Oysa ki dünya genelinde mevcut olan besin maddeleri de her insanın bu günlük ihtiyacını karşılayabilecek düzeydedir. Açlık çeken insanların sayısı neredeyse 1 milyara yaklaşmıştır. Bugun artık sadece Afrika değil, dünyanın hemen her yerinde açlık çeken insanlar mevcuttur. 



Kesin bir çözüme ulaşılamamasının altında yatan sebepler de yine bencillik, kişisel çıkarlar ve hırslar, umursamazlık gibi ahlaki bozukluklardır. Ve bu bozuklukların ortadan kalkmasının tek yolu da KURAN’IN SUNDUĞU AHLAK MODELİNİN YAŞANMASI; YANİ MEHDİYET VE İSLAM BİRLİĞİ’DİR. 

  

Kuran ahlakının hakim olduğu bir sistem yaşandığında; insanlar paralarını cimrilik edip saklamadıklarında, cömert olup üretime yöneldiklerinde, ellerindeki parayı hareketlendirdiklerinde, sadaka verdiklerinde ve en önemlisi kendilerine mal ve zenginliği verecek olanın Yüce Rabbimiz Allah olduğuna kalpten inanarak O’na tevekkül ettiklerinde ne bir ekonomik kriz yaşanacak ne de açlık çeken kimse olacaktır. Böyle bir sistem içinde insanların yoksullaşması mümkün olmayacaktır.  

  

  

Ekonomik krizin nedeni de yine budur. Kendilerince çok akılcı olduklarını, çok iyi teknik detaylara sahip olduklarını iddia ediyorlardı. Bakın tam anlamıyla bir tufan başladı, ekonomik tufan başladı ve hiçbir şekilde de durduramıyorlar. Nerede bunların ekonomistleri, profesörleri, bankaları, para basma makineleri, altın depoları nerede bunların? Niye durduramıyorlar? Durduramazlar. Çünkü asıl insana yatırım yapmadılar. Altına, paraya yatırım yapmayla bu işler olmaz.

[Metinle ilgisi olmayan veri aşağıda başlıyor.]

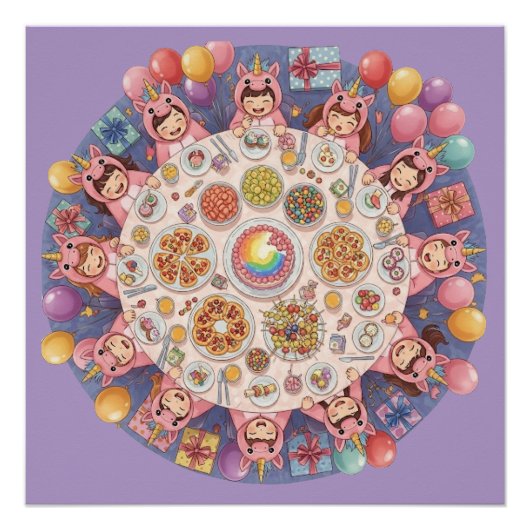 Party für Kinder mit Einhorn Poster (Vorderseite)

Binaya yatırım yapmakla olmaz... Bunun ÇÖZÜMÜ İNSANA YATIRIM YAPMAKTIR. EGOİSTLİKTEN, BENCİLLİKTEN İNSANLARIN UZAK DURMASI, SON DERECE SAMİMİ OLMASI, ALLAH KORKUSU, ALLAH SEVGİSİ, COŞKUN BİR MUHABBET, KARDEŞLİK BAĞI, FAKİRLERE KARŞI SEVGİ, ACIMA VE MERHAMET DUYGUSUNUN GELİŞMESİ, BUNLARLA ÇÖZÜM OLUR. Yoksa egoistliğin, bencilliğin hakim olduğu bir dünyada gece gündüz darphaneler para bassa, gece gündüz ekonomistler sabaha kadar çalışsalar hiçbir netice alamazlar. Bu tufanını durduramazlar ve durduramıyorlar. Durduramadıklarını da görecekler... (Çay TV, 18 Şubat 2009 Adnan Oktar) 

  

Allah’ın ayetlerde dikkat çektiği “ihtiyaçtan arta kalanının infak edilmesi” (Bakara Suresi, 219) emrine uygun hareket edildiğinde toplumları huzura yönelten adil dağılım kolaylıkla sağlanacaktır.  

  

Allah Kuran ahlakına göre hareket etmenin bereketini insanlara gösterecektir. Yüce Rabbimiz, ayetinde kullarına vadetmiştir: 

  

Gerçek şu ki, sadaka veren erkekler ile sadaka veren kadınlar ve Allah'a güzel bir borç verenler; onlar için kat kat arttırılır ve 'kerim (üstün ve onurlu)' olan ecir de onlarındır. (Hadid Suresi, 18) 

  

Ekonomik kriz, açlık sorunlarına çözüm getirilememesinin nedeni çözümün hep yanlış sistem ve inançlarda aranmış olmasıdır. Ancak tüm bunların yaşanacağı Peygamberimiz (sav)'in 1400 yıl önce hadislerinde bildirmiş, Hz. Mehdi'nin çıkış alametlerinden biri olarak dünya çapında yaşanacak ekonomik krizi çok detaylı tarif etmiştir. 

  

Hz. Mehdi çıkmadan önce, milletler arasında TİCARET ve YOLLAR KESİLECEK, insanlar arasında fitneler çoğalacaktır. (El-Kavlu’l Muhtasar Fi Alamet-il Mehdiyy-il Muntazar, s. 39) 

  

Hz. Mehdi'nin zuhurundan (ortaya çıkışından) önce PİYASANIN DURGUN OLMASI, KAZANÇLARIN AZALMASI olacaktır. (Kıyamet Alametleri, s. 148) 

  

Naim b. Hammad, İbni Mes'ud'dan rivayet edilen bir hadiste, Hz. Mehdi'nin ortaya çıkışının öncesinin anlatıldığı dönem, "TİCARET ve yolların KESİLDİĞİ ve fitnelerin çoğaldığı zaman" şeklinde tarif edilmektedir. Hadisin devamında ise Hz. Mehdi döneminde bu fitnelerin son bulacağı haber verilmektedir: 

  

"… Biz O şahsı, Hz. Mehdi (as)’ı aramak için geldik ki, FİTNELER ONUN ELİYLE SÖNEBİLİR. KONSTANTİNİYYE (İSTANBUL) O'NUNLA MANEN FETHEDİLİR. Biz O'nu ismi ile ve anasının, babasının ismiyle ve ordusu ile tanırız…" (Kitab-ül Burhan fi Alamet-il Mehdiyy-il Ahir Zaman, s.52) 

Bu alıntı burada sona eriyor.